◆ COLLECTED MATERIAL:
-----
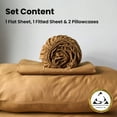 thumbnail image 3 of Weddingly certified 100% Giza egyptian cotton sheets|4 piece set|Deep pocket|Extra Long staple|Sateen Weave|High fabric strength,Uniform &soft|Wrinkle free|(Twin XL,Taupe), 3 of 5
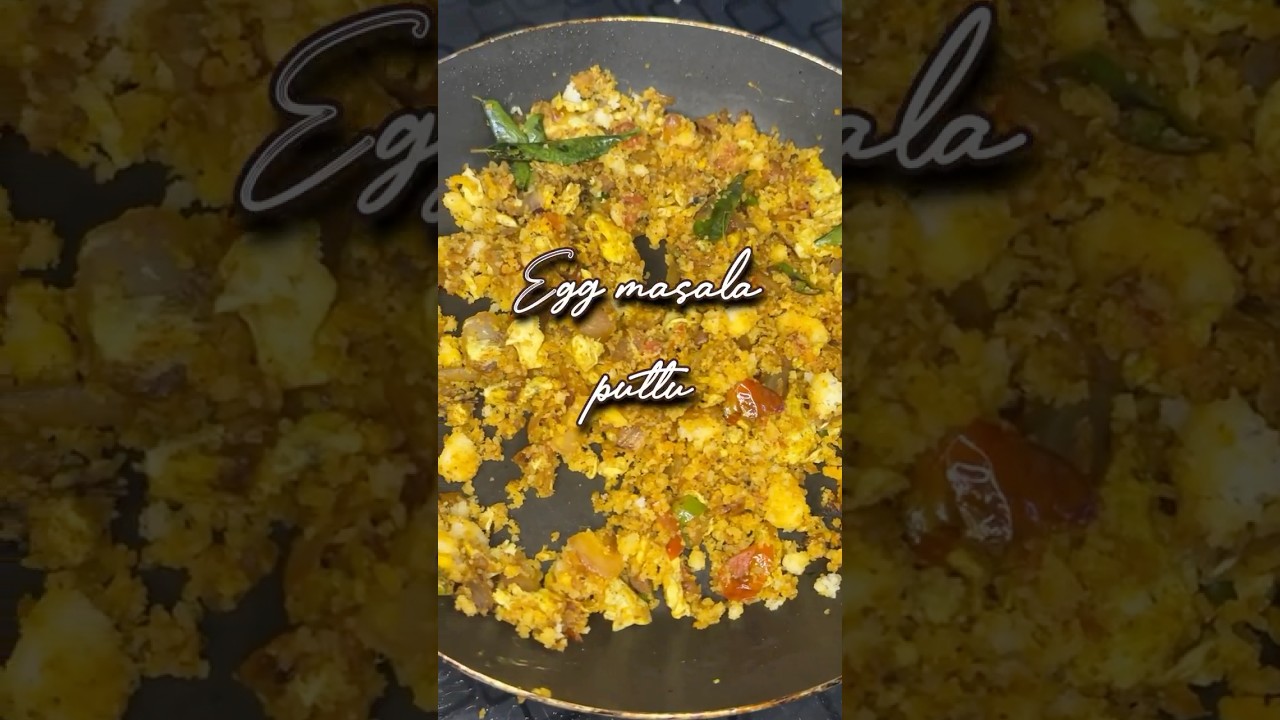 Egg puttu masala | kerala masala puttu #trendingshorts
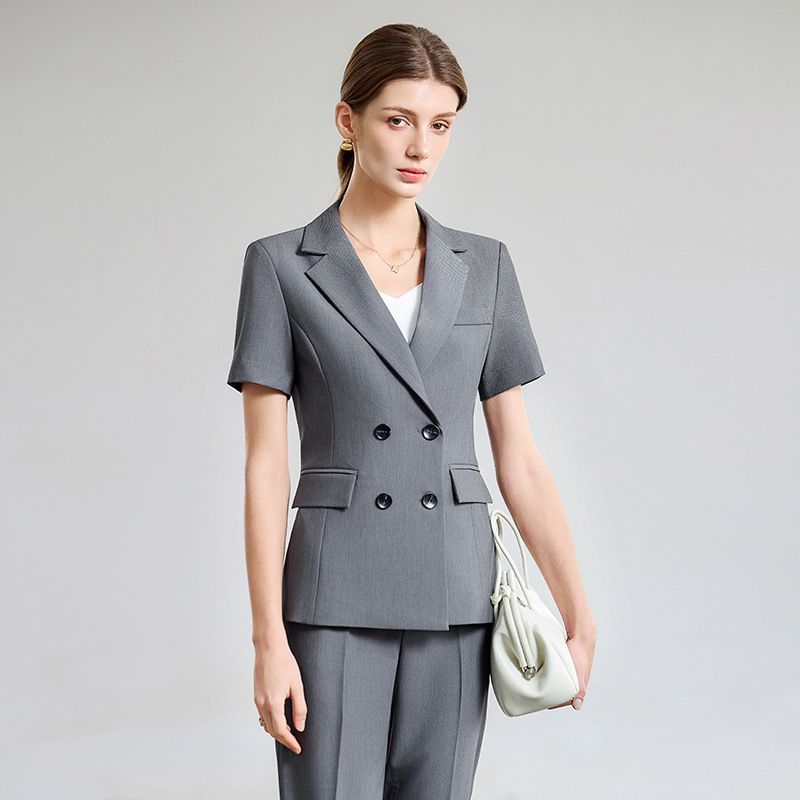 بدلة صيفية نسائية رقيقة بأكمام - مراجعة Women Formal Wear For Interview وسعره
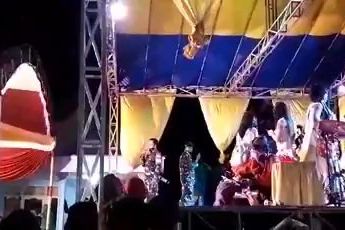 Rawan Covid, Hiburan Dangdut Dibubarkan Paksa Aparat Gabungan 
-----
◆ EXERCISE DESCRIPTION:
I would like the material above returned exactly as it stands, without its pictures.

◆ SOLUTION FOR THIS EXERCISE:
 thumbnail image 3 of Weddingly certified 100% Giza egyptian cotton sheets|4 piece set|Deep pocket|Extra Long staple|Sateen Weave|High fabric strength,Uniform &soft|Wrinkle free|(Twin XL,Taupe), 3 of 5
 Egg puttu masala | kerala masala puttu #trendingshorts
 بدلة صيفية نسائية رقيقة بأكمام - مراجعة Women Formal Wear For Interview وسعره
 Rawan Covid, Hiburan Dangdut Dibubarkan Paksa Aparat Gabungan 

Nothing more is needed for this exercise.